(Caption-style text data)
......

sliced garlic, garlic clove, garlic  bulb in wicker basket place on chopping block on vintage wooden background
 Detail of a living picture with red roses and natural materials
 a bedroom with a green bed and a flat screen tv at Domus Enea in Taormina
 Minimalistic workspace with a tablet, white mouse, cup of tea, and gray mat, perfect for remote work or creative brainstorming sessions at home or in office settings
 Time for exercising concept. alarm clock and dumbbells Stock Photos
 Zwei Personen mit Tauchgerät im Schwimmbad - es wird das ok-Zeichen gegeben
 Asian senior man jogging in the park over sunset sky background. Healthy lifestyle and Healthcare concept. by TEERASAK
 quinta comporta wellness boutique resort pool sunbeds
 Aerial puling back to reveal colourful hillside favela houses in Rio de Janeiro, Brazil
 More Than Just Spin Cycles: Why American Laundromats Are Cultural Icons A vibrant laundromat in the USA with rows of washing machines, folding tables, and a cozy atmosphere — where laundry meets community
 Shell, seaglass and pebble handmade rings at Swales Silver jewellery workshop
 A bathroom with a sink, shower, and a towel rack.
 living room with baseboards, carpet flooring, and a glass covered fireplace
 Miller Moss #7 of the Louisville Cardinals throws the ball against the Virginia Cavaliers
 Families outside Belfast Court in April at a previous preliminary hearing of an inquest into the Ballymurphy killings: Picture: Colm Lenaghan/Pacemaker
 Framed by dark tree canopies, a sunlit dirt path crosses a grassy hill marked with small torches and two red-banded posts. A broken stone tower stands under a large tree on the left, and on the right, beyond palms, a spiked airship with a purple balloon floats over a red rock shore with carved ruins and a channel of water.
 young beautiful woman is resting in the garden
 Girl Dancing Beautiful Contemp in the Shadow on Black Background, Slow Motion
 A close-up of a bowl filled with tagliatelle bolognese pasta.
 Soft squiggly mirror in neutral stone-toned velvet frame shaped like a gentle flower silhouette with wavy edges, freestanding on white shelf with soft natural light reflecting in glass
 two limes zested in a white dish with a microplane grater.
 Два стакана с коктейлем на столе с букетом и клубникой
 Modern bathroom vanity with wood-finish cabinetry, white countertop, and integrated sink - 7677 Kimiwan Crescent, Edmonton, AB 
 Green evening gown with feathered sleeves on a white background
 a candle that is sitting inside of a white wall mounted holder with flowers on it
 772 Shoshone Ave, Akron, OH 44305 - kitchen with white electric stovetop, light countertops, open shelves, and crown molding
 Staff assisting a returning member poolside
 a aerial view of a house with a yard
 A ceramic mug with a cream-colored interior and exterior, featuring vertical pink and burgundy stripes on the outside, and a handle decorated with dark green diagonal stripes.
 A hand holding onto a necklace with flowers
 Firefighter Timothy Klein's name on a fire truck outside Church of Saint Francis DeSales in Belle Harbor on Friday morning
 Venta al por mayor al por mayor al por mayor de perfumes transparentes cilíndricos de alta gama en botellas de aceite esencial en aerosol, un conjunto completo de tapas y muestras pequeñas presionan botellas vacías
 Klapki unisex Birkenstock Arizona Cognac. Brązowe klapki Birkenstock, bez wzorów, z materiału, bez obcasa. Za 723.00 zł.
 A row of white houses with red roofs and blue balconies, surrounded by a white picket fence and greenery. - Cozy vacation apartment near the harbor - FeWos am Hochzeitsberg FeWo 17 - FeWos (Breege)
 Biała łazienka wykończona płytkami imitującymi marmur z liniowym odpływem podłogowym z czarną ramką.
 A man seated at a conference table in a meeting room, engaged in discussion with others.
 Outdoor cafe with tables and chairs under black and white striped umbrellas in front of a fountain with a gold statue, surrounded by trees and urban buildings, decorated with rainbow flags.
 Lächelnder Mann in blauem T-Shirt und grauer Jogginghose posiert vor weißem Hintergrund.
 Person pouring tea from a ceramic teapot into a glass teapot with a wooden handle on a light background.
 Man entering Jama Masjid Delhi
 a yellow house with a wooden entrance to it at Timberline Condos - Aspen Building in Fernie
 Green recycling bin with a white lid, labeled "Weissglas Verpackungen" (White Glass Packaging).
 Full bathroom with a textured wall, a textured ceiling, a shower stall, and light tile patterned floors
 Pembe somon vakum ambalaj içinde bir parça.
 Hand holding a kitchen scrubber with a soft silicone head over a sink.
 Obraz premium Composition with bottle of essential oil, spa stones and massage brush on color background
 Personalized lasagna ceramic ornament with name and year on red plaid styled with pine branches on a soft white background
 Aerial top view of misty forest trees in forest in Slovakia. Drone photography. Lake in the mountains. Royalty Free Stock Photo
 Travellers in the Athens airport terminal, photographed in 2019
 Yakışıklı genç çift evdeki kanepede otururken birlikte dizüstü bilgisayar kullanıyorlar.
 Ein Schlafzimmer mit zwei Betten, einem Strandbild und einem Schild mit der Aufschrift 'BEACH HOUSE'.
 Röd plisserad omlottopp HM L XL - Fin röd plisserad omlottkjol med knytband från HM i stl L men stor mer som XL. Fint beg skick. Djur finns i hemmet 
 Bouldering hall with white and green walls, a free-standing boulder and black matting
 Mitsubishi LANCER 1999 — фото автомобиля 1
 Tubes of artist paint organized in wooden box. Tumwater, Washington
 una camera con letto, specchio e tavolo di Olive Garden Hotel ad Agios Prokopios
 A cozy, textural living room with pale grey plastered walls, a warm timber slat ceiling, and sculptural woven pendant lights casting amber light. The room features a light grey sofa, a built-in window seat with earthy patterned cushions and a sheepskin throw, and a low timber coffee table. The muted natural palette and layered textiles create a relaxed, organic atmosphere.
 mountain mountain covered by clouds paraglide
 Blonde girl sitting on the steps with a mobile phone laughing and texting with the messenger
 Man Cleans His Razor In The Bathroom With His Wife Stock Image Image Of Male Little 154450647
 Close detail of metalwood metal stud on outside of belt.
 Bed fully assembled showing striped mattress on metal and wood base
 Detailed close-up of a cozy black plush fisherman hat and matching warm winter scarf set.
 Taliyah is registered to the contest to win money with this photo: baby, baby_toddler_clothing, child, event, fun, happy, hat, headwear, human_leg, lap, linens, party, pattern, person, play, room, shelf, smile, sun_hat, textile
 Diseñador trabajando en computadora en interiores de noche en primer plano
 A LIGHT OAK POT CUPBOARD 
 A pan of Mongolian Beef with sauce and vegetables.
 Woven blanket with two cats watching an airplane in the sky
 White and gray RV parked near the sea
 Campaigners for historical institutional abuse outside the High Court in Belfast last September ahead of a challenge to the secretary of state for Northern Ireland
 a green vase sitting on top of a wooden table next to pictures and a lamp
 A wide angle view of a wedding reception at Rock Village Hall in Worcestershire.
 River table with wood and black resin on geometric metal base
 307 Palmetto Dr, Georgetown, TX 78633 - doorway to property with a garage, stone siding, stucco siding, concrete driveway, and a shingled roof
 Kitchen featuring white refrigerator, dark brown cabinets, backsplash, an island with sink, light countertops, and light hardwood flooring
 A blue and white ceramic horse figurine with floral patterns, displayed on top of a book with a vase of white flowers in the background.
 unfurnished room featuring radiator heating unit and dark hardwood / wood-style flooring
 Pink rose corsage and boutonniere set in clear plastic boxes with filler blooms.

......

## PROBLEM DESCRIPTION
Only the lines above from the line with "A bathroom with" to the line with "Girl Dancing Beautiful", those two lines included, should be reproduced exactly.

## RESPONSE FOR THIS EXERCISE
 A bathroom with a sink, shower, and a towel rack.
 living room with baseboards, carpet flooring, and a glass covered fireplace
 Miller Moss #7 of the Louisville Cardinals throws the ball against the Virginia Cavaliers
 Families outside Belfast Court in April at a previous preliminary hearing of an inquest into the Ballymurphy killings: Picture: Colm Lenaghan/Pacemaker
 Framed by dark tree canopies, a sunlit dirt path crosses a grassy hill marked with small torches and two red-banded posts. A broken stone tower stands under a large tree on the left, and on the right, beyond palms, a spiked airship with a purple balloon floats over a red rock shore with carved ruins and a channel of water.
 young beautiful woman is resting in the garden
 Girl Dancing Beautiful Contemp in the Shadow on Black Background, Slow Motion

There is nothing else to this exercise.